Blog 4 – written by Jan-Willem
Hooking up — The language of sailing
“9.00 — Hook Up” says the whiteboard. Rather than taking this as an instruction from the captain to start an early morning party, “hook” is just another word for our anchor, and the whiteboard just informs us that we’ll lift anchor and get underway again at 9.00 AM.
I don’t know why or when sailing developed its own language for everything, but after two weeks on Sea Dragon I know that we cook our meals in the galley, not the kitchen, I do my business and take showers in the head, not the bathroom, and the sheets are the ropes that control the sails, not the pieces of cotton I make my bed…uh, my bunk with. Standing at the wheel during my watch, I confidently turn right when instructed to go 10 more degrees to starboard, or left when asked to turn to port.
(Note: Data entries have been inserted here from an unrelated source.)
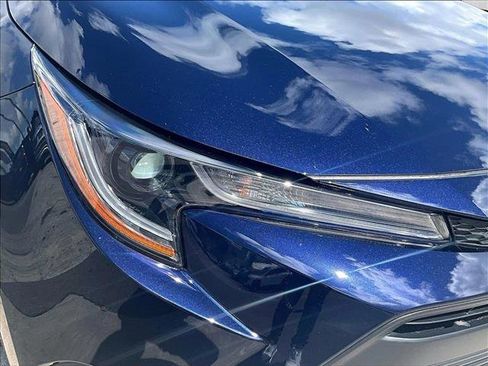 Used 2025 Toyota Corolla LE image 30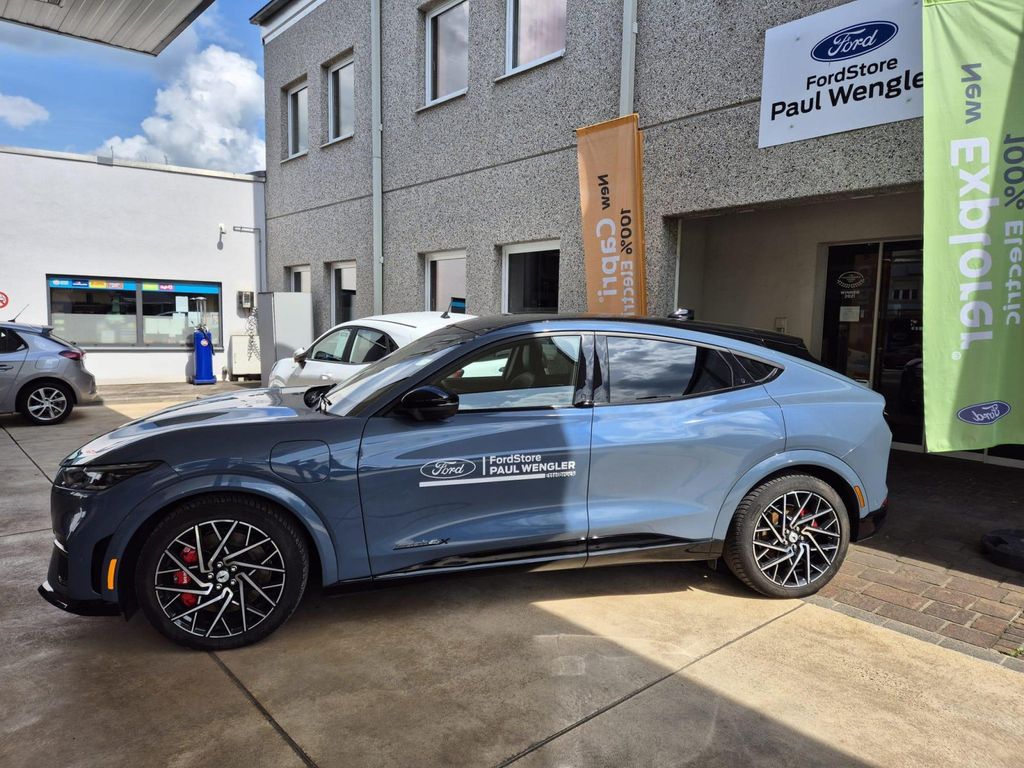 Ford Mustang Mach-E 2024
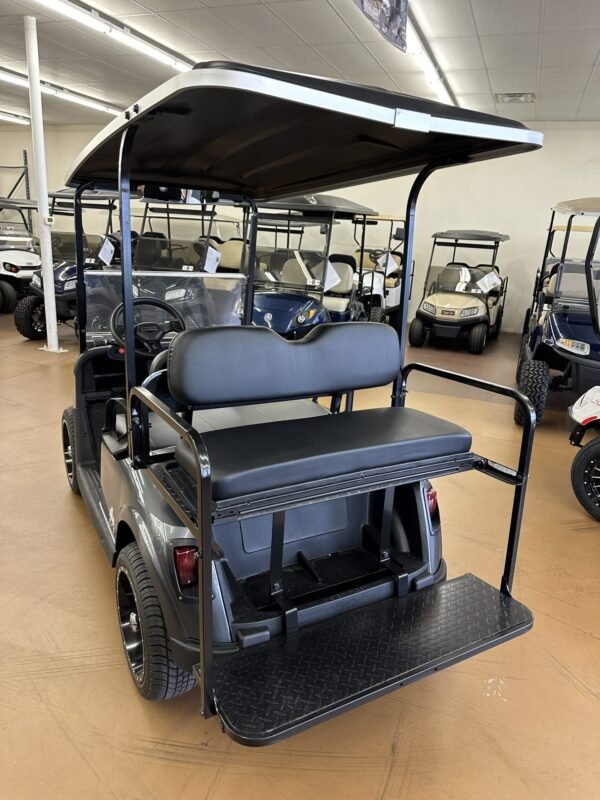2020 E-Z-GO RXV For Sale - Image 7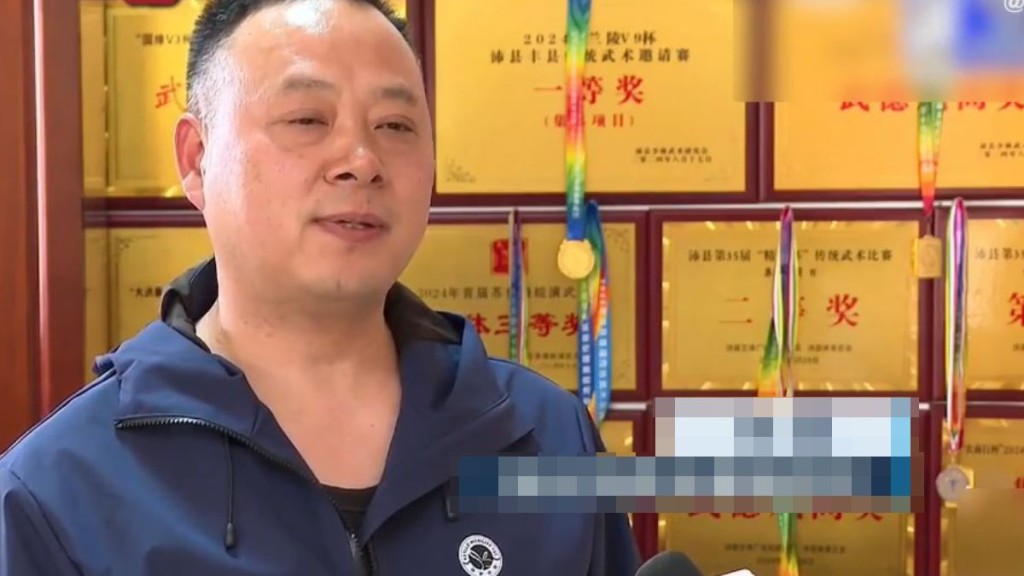 徐星30年前向蔣冰借予1200元。荔枝新聞 徐星30年前向蔣冰借予1200元。荔枝新聞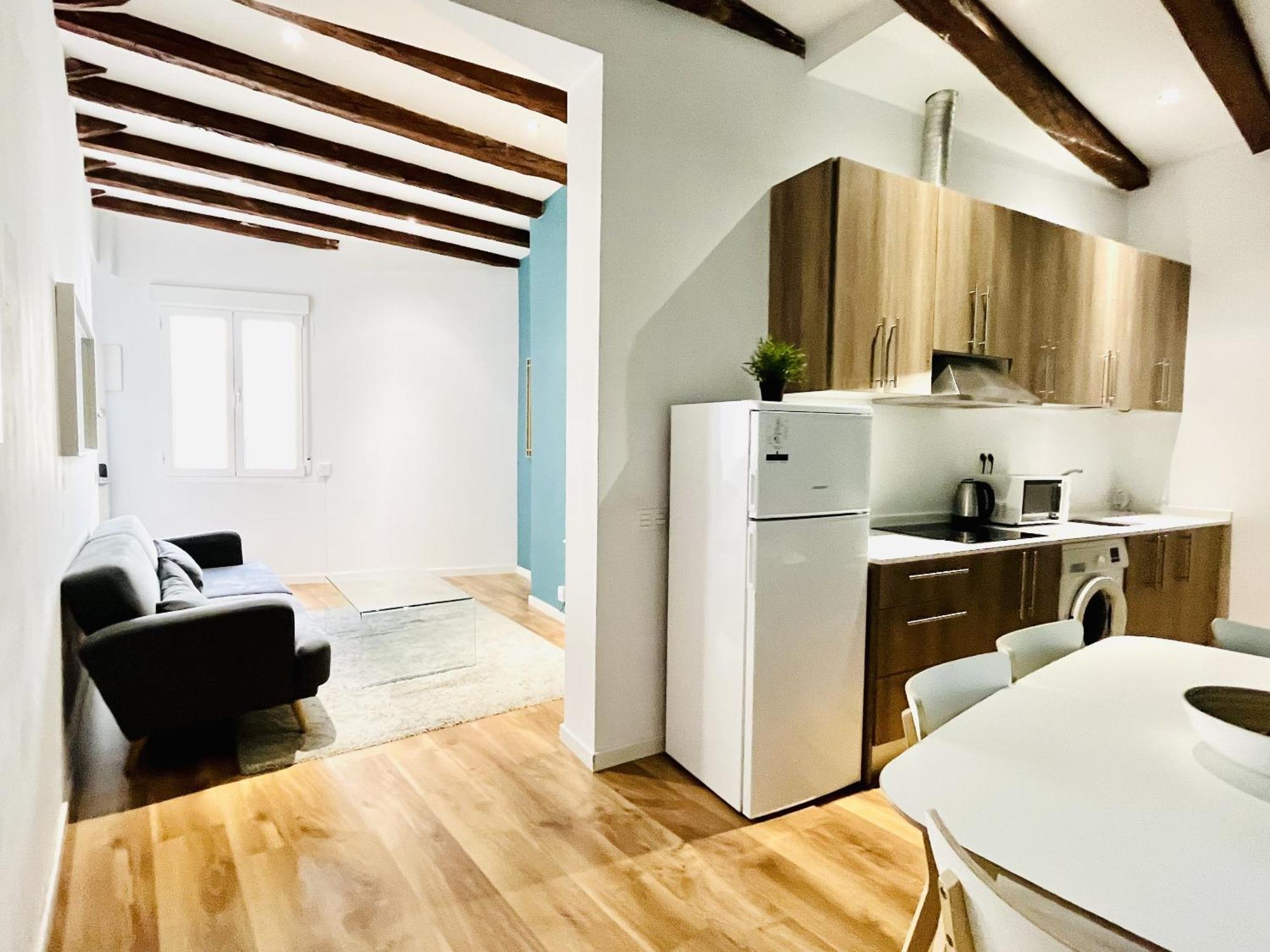 Dplace To Be - Amazing Apartments In Historic Center مدريد الغرفة الصورة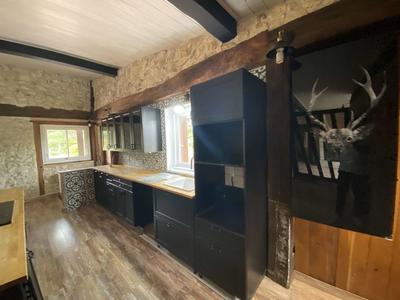 Maison en pierre - 260 m² - 8 pièces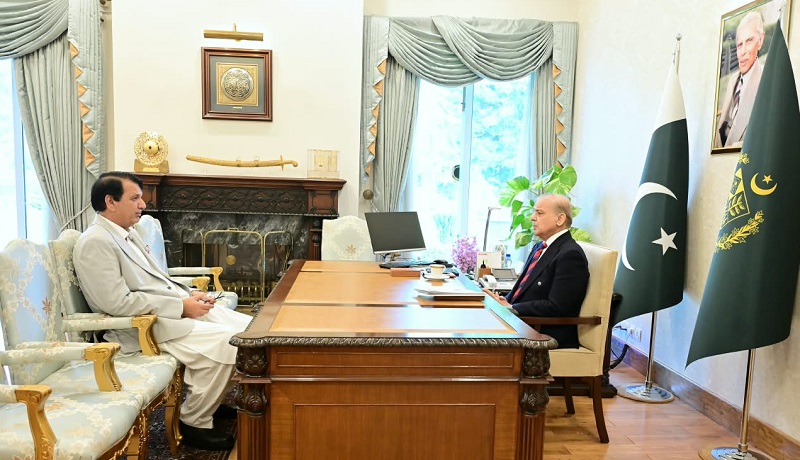 خیبرپختونخوا میں بڑھتی دہشت گردی کو ہر قیمت پر روکنا ہوگا: وزیراعظم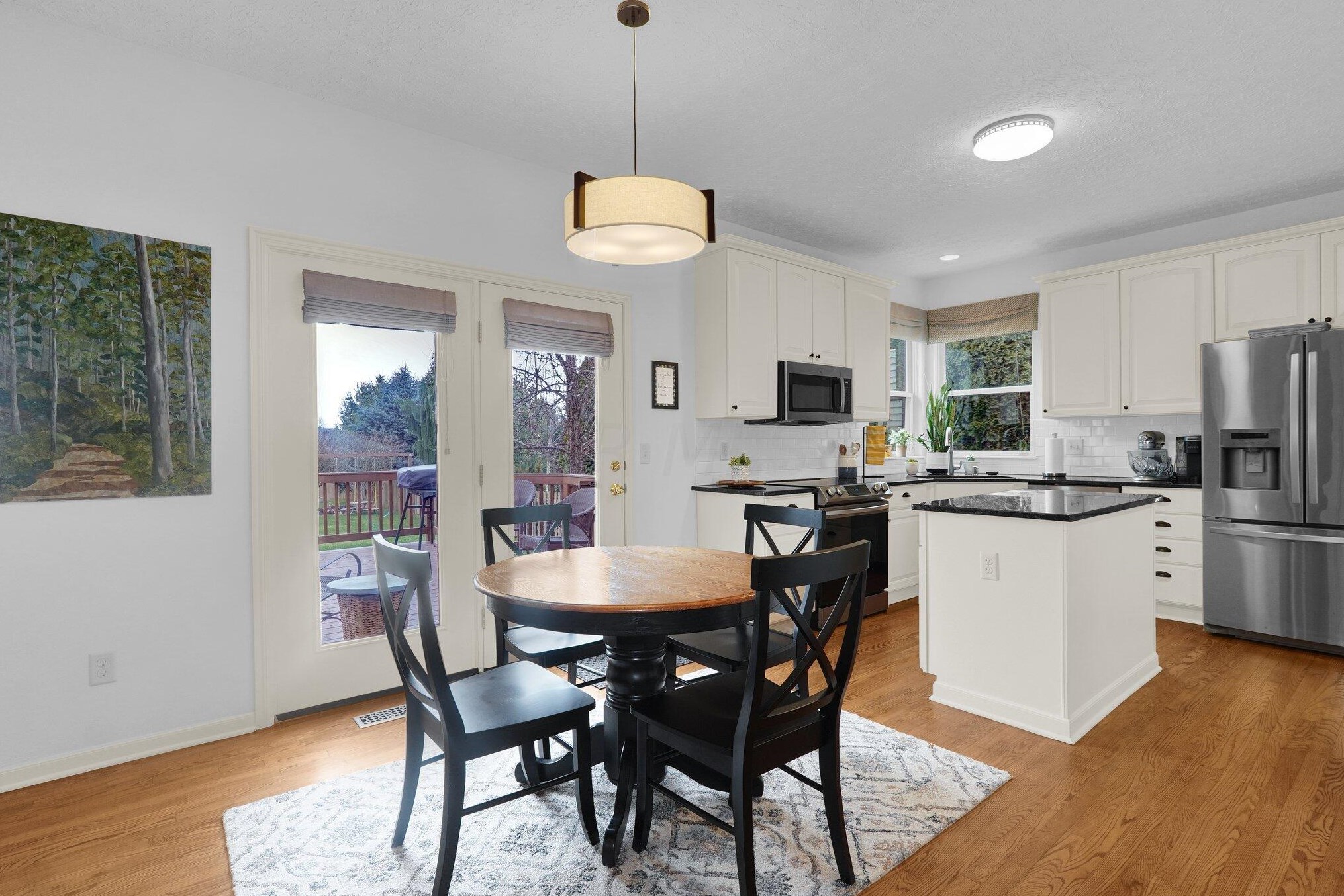 9226 Prestwick Grn Dr, Columbus OH 43240-2137 exterior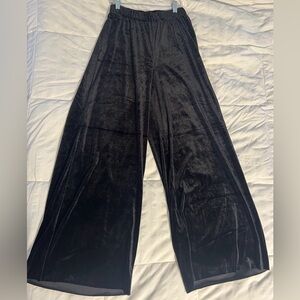 🎄🎁Black Velvet Wide-Leg Pants size small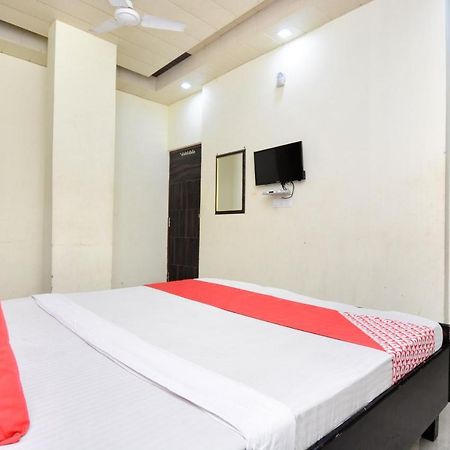 Oyo 29409 Hotel Best Sleep Inn Jalandhar Exteriör bild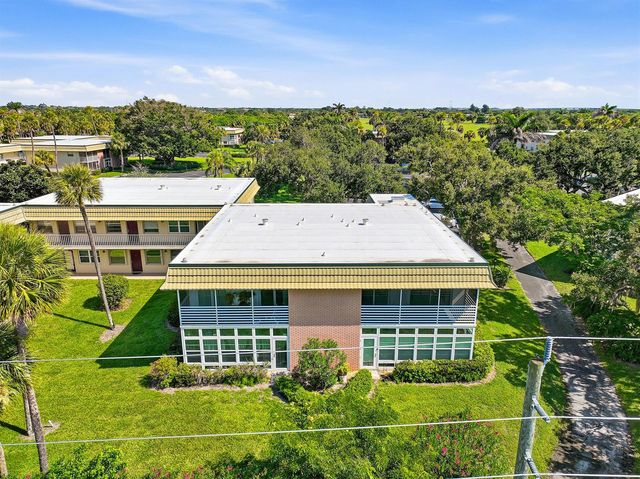 4 Vista Gardens Trail Unit 207, Vero Beach, FL 32962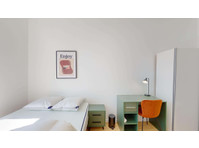 Marseille Sylvabelle - Private Room (2) - Apartamentos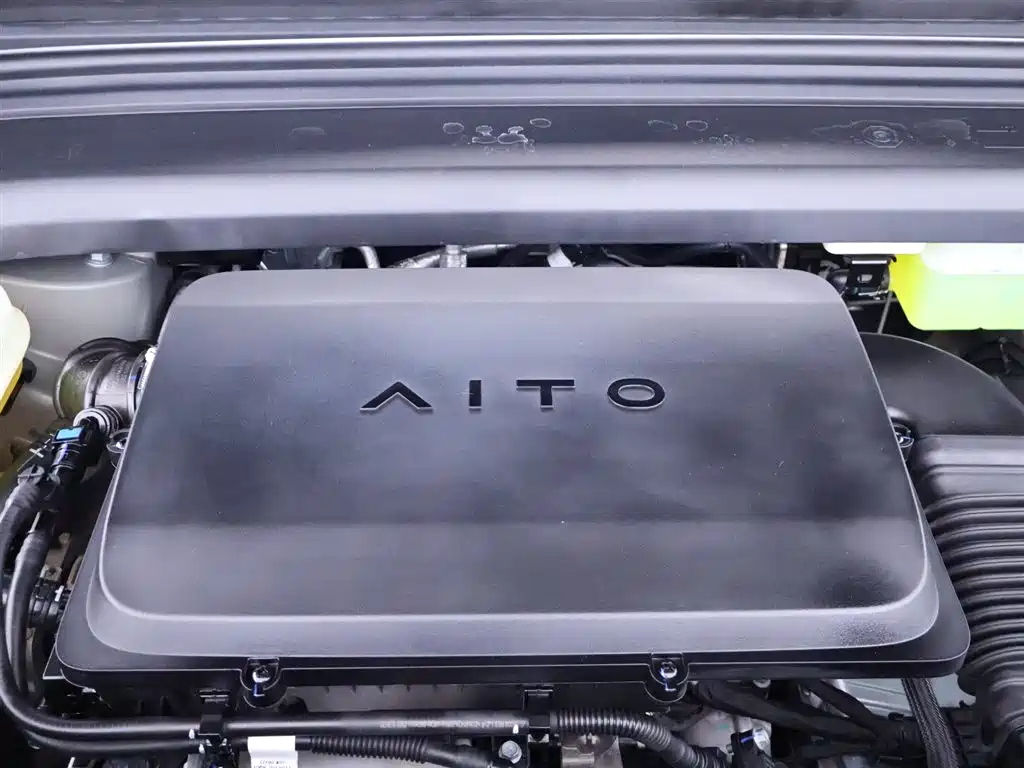 AITO M8 2025 EREV Max+ 53.4kWh 5-Seater (192-Line LiDAR)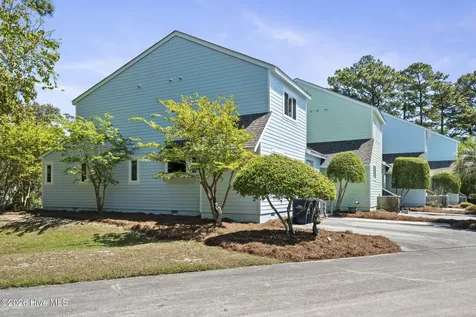 312 Mcginnis Drive Pine Knoll Shores NC 28512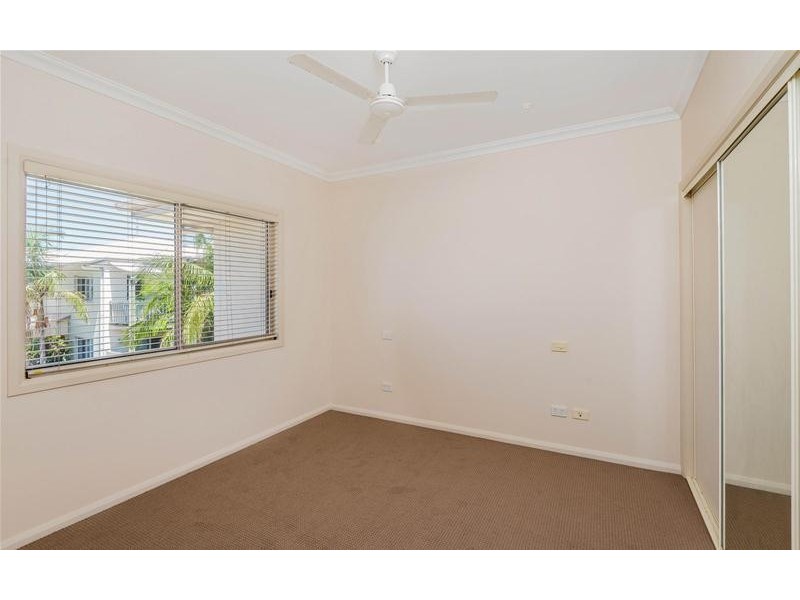 2/16 Yamba Road, Yamba NSW 2464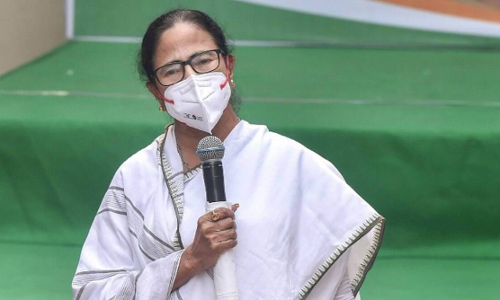 മൂ​ന്നാം ഊ​ഴം; 21ാമ​ത്​ മു​ഖ്യ​മ​ന്ത്രിയായി മമത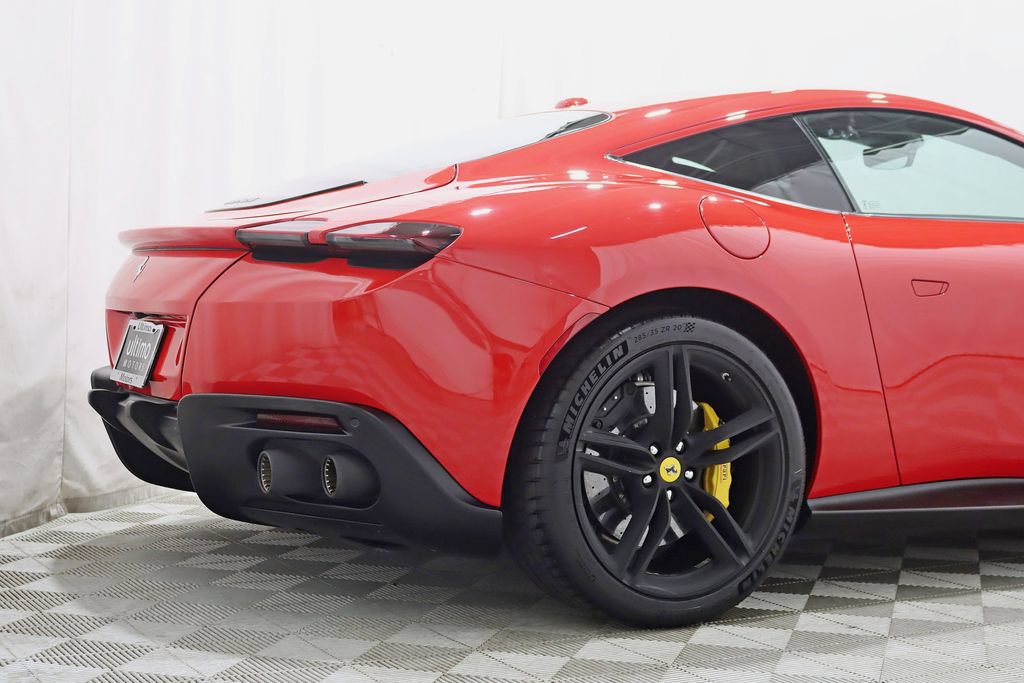 Used 2021 Ferrari Roma RWD image 11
Books about sailing try to explain this by saying the specialized language is precise and avoids confusion, but I don’t know. It strikes me as just another example of jargon, same as so many professions creating their own language of belonging (talk to a doctor lately?). I know it took my wife ages before she was able to decipher my instructions when sailing our own boat, and even after 10 years in the US I still confuse English sailing terms with the Dutch ones I learned in the Sea Scouts.
But…as I said, 2 weeks into our journey from Victoria (BC) to Ketchikan, AK we’re all on the same page. We’re a merry bunch of sailors, by now familiar with the basics of sailing Sea Dragon, grinding away on the winches, hauling on the halyards, or keeping her on course at the wheel. When not on watch, we practice our bowlines, reef knots, clove hitch and other knots useful on the water (or we just read of course…). All the while, we ooh and aah over the amazingly beautiful and rugged landscape we sail through.
At 9.00 sharp the rattling of chain in the forepeak signals the hook coming up. Once again free from our attachment to land, we slowly glide out of Patterson Inlet, ready to explore what the day will bring, and I can’t wait.